Бенджи как бы не понимает, что он спит, например, когда засыпает. Он остался на уровне четырехлетнего, и для него есть одно противопоставление: темный и яркий. Есть яркие листья, с которых начинается роман, потому что там в гольф они играют. И эта яркость, такая детская яркость мира, простота крайняя — через нее мы что-то такое понимаем.
Это, знаете, попытка последнего остранения, по Толстому. Как можно остранить, увидеть как странное? Глазами идиота.
Но тут, видите, настоящий ужас, конечно, еще то, что для Квентина именно грехопадение Кэдди самое страшное, потому что он любит, он действительно хочет понять, он хочет ее спасти от этого грехопадения, а это сделать невозможно. И он понимает, что любовь ее будет несчастной, что она будет растоптана, это тоже мучительное ощущение того, что нельзя удержать, не спасти.
Я приведу самый любимый кусок: «Затем трамвай снова поехал, и в открытую дверь ворвался сквозняк, и все усиливался, пока не просквозил весь вагон ароматом лета и темноты, но не жимолости. Аромат жимолости, по-моему, самый печальный из всех. Я помню их много. Глицинии, например. В дождливые дни, когда мама чувствовала себя не настолько плохо, чтобы вовсе не подходить к окнам, мы обыкновенно играли под глицинией. Но если мама вставала, мы всегда сначала играли на веранде, пока она не говорила, что мы шумим, и тогда мы выходили на дождь». Это все наши дачные, мучительные, детские, самые счастливые воспоминания.

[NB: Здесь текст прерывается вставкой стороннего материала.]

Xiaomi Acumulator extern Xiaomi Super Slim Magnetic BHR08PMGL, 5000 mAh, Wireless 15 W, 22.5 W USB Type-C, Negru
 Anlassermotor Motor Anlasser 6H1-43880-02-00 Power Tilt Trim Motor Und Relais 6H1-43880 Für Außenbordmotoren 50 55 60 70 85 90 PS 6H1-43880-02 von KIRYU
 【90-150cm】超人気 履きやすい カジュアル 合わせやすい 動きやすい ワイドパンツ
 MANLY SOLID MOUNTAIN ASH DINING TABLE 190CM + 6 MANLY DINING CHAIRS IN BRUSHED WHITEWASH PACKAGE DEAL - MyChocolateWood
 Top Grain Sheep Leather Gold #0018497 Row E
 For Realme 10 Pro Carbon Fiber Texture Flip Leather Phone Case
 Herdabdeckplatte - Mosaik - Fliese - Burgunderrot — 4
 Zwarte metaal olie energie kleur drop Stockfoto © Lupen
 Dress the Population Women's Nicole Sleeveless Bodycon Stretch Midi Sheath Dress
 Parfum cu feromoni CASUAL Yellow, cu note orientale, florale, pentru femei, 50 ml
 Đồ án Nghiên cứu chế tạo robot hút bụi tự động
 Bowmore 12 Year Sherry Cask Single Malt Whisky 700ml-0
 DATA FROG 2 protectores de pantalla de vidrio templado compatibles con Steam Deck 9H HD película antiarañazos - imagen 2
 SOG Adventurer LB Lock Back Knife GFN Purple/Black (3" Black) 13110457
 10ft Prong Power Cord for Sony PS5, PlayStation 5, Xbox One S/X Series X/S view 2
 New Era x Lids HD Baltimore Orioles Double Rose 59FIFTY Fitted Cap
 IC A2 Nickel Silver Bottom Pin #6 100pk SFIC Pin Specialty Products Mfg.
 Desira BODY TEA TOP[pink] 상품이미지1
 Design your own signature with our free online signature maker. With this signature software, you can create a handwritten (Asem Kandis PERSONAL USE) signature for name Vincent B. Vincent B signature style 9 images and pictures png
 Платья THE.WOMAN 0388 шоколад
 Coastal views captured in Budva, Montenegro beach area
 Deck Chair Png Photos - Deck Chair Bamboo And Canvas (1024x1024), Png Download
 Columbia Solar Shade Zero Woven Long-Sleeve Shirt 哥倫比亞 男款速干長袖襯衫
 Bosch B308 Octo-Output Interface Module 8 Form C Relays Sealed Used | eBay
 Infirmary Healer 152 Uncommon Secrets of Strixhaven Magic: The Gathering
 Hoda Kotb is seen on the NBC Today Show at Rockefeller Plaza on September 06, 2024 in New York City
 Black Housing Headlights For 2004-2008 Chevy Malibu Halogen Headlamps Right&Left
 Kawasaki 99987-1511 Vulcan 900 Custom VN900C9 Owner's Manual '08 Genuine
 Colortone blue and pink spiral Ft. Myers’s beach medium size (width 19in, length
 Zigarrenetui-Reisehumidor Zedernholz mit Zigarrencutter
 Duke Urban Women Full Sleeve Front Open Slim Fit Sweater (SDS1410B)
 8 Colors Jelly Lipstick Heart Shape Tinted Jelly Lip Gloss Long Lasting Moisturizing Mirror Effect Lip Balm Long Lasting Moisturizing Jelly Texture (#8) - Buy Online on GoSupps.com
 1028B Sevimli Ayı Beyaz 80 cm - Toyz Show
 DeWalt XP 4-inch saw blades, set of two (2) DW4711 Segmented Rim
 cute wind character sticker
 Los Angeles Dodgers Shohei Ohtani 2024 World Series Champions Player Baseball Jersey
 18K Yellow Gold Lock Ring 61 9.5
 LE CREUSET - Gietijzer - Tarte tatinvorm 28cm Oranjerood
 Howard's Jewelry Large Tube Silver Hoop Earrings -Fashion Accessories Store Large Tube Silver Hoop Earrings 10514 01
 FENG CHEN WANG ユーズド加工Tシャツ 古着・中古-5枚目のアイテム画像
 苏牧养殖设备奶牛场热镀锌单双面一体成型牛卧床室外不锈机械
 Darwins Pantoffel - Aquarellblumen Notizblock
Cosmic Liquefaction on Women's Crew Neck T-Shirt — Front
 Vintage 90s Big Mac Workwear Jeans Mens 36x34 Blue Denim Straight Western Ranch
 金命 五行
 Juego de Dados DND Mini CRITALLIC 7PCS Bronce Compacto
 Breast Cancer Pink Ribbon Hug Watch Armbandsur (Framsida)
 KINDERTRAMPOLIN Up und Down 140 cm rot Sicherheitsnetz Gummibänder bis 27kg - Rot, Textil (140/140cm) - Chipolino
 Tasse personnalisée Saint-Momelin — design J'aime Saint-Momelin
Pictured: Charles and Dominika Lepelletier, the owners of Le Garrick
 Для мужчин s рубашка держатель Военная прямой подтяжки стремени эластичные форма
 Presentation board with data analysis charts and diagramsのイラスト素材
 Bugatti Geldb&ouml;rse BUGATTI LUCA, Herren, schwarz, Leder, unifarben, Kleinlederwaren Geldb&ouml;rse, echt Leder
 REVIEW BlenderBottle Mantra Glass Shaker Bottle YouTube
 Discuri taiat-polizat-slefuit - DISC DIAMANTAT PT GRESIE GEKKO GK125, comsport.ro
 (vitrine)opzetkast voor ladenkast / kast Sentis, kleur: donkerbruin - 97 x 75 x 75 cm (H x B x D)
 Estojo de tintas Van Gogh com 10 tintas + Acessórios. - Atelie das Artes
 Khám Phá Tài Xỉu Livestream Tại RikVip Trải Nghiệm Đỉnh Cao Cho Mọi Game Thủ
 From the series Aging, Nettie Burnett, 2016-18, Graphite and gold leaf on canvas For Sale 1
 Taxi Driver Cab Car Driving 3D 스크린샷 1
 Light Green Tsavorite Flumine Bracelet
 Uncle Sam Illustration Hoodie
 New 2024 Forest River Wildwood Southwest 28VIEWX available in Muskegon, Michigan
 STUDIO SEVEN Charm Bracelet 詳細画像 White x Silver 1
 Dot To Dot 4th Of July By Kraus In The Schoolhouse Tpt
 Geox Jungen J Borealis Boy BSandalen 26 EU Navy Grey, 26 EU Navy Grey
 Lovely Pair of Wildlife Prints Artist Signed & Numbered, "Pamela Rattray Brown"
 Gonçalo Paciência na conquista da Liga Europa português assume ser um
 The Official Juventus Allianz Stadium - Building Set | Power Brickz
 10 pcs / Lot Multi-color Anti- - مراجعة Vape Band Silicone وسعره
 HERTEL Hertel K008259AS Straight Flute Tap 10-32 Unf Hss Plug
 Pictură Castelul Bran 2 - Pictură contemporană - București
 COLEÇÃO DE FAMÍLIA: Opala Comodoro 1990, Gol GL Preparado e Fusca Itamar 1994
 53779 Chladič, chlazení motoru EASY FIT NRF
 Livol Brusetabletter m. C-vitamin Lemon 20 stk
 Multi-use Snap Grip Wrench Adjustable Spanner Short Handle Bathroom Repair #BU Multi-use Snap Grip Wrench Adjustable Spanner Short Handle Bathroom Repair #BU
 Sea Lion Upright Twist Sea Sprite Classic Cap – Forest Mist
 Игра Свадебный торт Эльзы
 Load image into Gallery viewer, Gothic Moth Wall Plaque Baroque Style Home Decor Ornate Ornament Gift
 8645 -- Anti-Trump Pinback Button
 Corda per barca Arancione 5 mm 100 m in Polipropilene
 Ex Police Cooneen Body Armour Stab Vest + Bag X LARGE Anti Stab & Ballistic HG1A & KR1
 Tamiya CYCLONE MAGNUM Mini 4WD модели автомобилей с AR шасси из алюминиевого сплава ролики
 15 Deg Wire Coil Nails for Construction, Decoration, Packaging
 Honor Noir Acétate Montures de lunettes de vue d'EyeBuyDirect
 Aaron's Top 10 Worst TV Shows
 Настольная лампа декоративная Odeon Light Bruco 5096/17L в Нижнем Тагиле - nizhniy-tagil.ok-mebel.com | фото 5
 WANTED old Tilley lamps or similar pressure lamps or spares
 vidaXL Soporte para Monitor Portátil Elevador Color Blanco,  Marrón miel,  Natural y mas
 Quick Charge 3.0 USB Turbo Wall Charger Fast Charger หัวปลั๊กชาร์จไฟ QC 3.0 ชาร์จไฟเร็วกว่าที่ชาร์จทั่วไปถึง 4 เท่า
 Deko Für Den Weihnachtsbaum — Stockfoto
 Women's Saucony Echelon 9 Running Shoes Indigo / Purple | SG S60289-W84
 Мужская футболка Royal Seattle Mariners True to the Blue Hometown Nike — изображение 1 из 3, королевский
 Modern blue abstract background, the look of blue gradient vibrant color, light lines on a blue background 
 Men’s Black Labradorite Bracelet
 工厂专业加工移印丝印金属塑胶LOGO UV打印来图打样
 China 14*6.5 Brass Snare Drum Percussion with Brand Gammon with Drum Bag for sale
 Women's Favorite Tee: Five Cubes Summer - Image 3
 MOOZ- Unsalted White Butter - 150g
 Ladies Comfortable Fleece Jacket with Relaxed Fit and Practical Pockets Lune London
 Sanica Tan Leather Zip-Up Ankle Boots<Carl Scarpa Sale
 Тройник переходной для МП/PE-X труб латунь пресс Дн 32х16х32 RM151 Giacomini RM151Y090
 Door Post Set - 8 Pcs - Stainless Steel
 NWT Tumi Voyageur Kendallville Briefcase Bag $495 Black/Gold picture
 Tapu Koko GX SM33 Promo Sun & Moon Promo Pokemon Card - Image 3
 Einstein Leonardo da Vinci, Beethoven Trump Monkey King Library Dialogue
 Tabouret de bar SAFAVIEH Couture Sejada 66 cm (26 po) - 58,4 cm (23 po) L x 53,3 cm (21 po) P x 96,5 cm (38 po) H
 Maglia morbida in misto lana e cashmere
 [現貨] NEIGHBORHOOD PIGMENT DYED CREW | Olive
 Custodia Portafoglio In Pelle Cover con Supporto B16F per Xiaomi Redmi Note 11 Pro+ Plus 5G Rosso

А самое точное описание народа, народа как сущности, какое я вообще могу найти, сейчас я его процитирую. Настолько мне нравится этот кусок, что я его взял эпиграфом к «ЖД»: «Грузно попыхивая, паровоз начал брать поворот, и они плавно скрылись из виду, со своим убогим и вечным терпением, со своей безмятежной недвижностью. С этой готовностью детски неумелой. И вместе какая, однако, способность любить без меры, заботиться о подопечных, надежно их оберегая и обкрадывая, а от обязательств и ответственности отлынивая так простодушно, что и уверткой этого не назовешь». Более точный портрет народа, народной души, трудно себе представить.
И все это, разумеется, подчеркивает, что Квентин — самый фолкнеровский, самый протагонистский, самый родной для него герой, хотя таких персонажей у него будет довольно много.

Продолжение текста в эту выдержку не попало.